It seems to me that it's not just |spec| of nsIURI but also |originCharset| (bug 127282) that is handled a bit inconsistently. Alternatively, I could say that it's not always set per my interpretation of nsIURI spec. http://lxr.mozilla.org/mozilla/source/netwerk/base/public/nsIURI.idl#222 According to my interpretation, it should _always_ (i.e. even after it's converted to UTF-8 and url-escaped) be the charset of a document where nsIURI comes from. However, often times it's just left empty. This happens when NS_NewURI is invoked without originCharset or when nsIURIFixup->createFixupURI is used to create a nsIURI. http://lxr.mozilla.org/seamonkey/source/docshell/base/nsIURIFixup.idl#69 nsIURIFixup may need a new method createFixupURIwithCharset. One of my patches (not uploaded) to bug 199237 does that, but I didn't take that path for bug 199237 because I found a simpler way to fix the bug. In addition, we may also have to add a new method loadURIwithCharsetto nsIWebNavigation (or modify loadURI to have a new parameter) because that's the primary path taken in xpfe to load a URI (see my obsolete patch to bug 199237, attachment 126982 [details] [diff] [review]) Related to this is bug 205682. nsIURI is now frozen so that it is probably too late.... It might have been better if we had two additional attributes in nsIURI interface, rawSpec (nsACString) and converted(boolean). |rawspec| stores URI specs (const nsACstring of unknown/unspecified charset) that we get from remote documents to which no further processing is applied (i.e. neither url-escaping and nor charset conversion is applied ). When we make a request to a remote server (especially the same server as this uri is obtained in the first place : see bug 205682 and bug 127282 comment #33 and bug 127282 comment #73), we try this first before |spec|. The assumption is that |spec| is lazilly filled up after converting to UTF-8 and url-escaping (if necessary) _on demand_ when |converted| is also set to T. We may do without |converted| by making empty |spec| mean 'not yet converted', but overloading an attribute that way appears not to work always.
OS: SunOS → All
Hardware: Sun → All
> This happens when NS_NewURI is invoked without originCharset Any time this happens when the resulting nsIURI is expected to be used anywhere outside mozilla internals, that's a bug.

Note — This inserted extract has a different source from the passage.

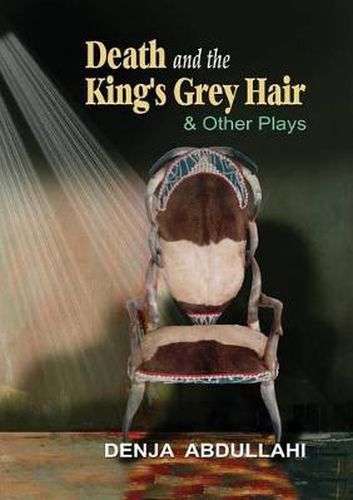 Cover image for Death and the King's Grey Hair and Other Plays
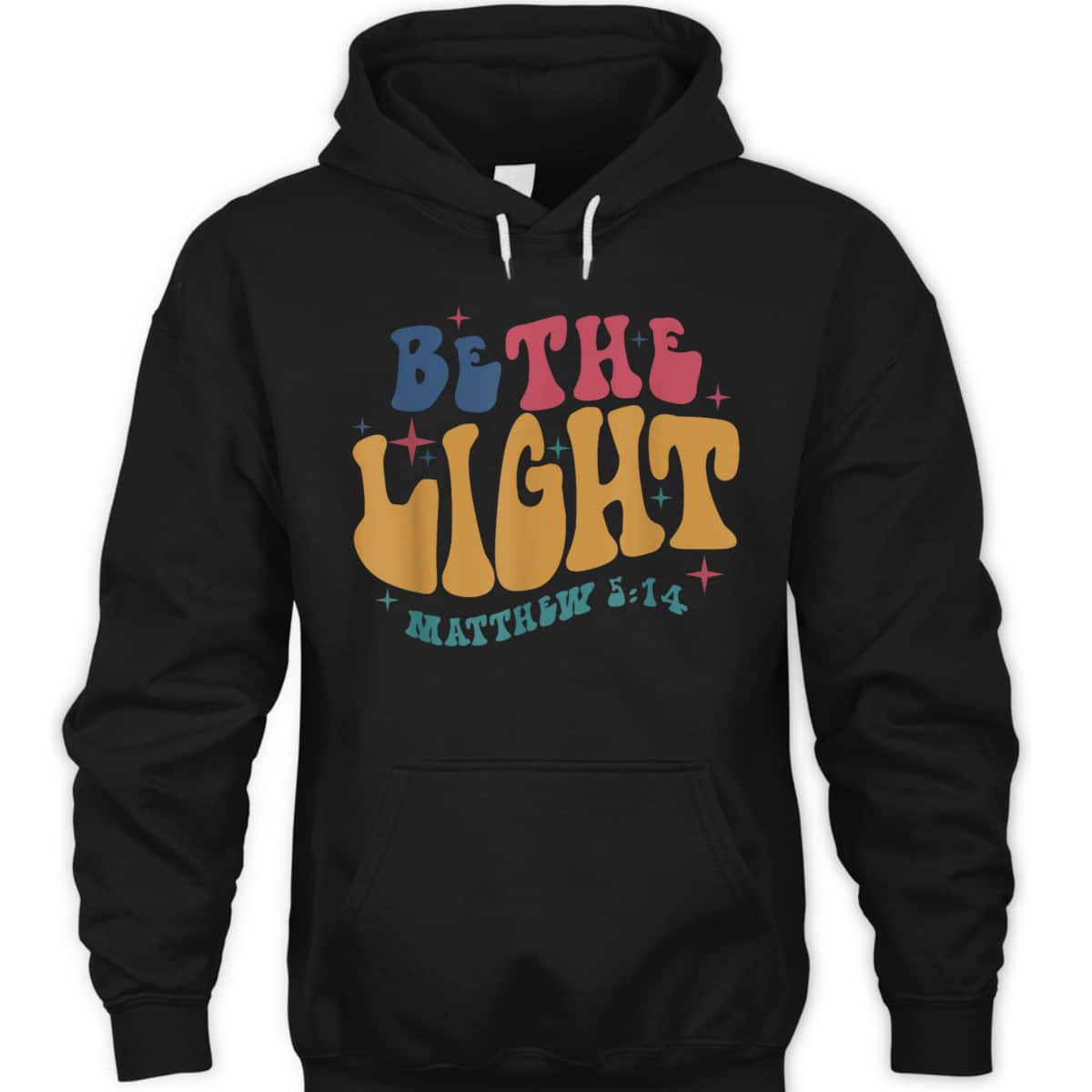 Be The Light Matthew 5:14 T-Shirt Christian Quote Bible Verse Religious Gift Be The Light Matthew 5:14 T-Shirt Christian Quote Bible Verse Religious Gift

jshin: >nsIURI is now frozen so that it is probably too late.... It might have been >better if we had two additional attributes in nsIURI interface, rawSpec >(nsACString) and converted(boolean). > >|rawspec| stores URI specs (const nsACstring of unknown/unspecified charset) >that we get from remote documents to which no further processing is applied >(i.e. neither url-escaping and nor charset conversion is applied ). When we >make a request to a remote server (especially the same server as this uri is >obtained in the first place : see bug 205682 and bug 127282 comment #33 and bug >127282 comment #73), we try this first before |spec|. The assumption is that >|spec| is lazilly filled up after converting to UTF-8 and url-escaping (if >necessary) _on demand_ when |converted| is also set to T. rememeber, the URI string as extracted from a remote document might might contain straight Unicode characters. the point of nsIURI::spec is to preserve the original URI string with Unicode character points left intact (no escaping). nsIURI::asciiSpec is meant to be the converted URI string that is suitable for sending to a server (i.e., a URI string that is RFC 2396 compliant). currently, however, nsIURI::spec is nearly equivalent to nsIURI::asciiSpec. this is mainly the case for historical reasons because many consumers of nsIURI are not able to deal with non-ASCII URI strings. eventually, we should be able to change the behavior of nsStandardURL such that nsIURI::spec returns the raw URI string. inotherwords, i don't think we need any new nsIURI attributes ;-)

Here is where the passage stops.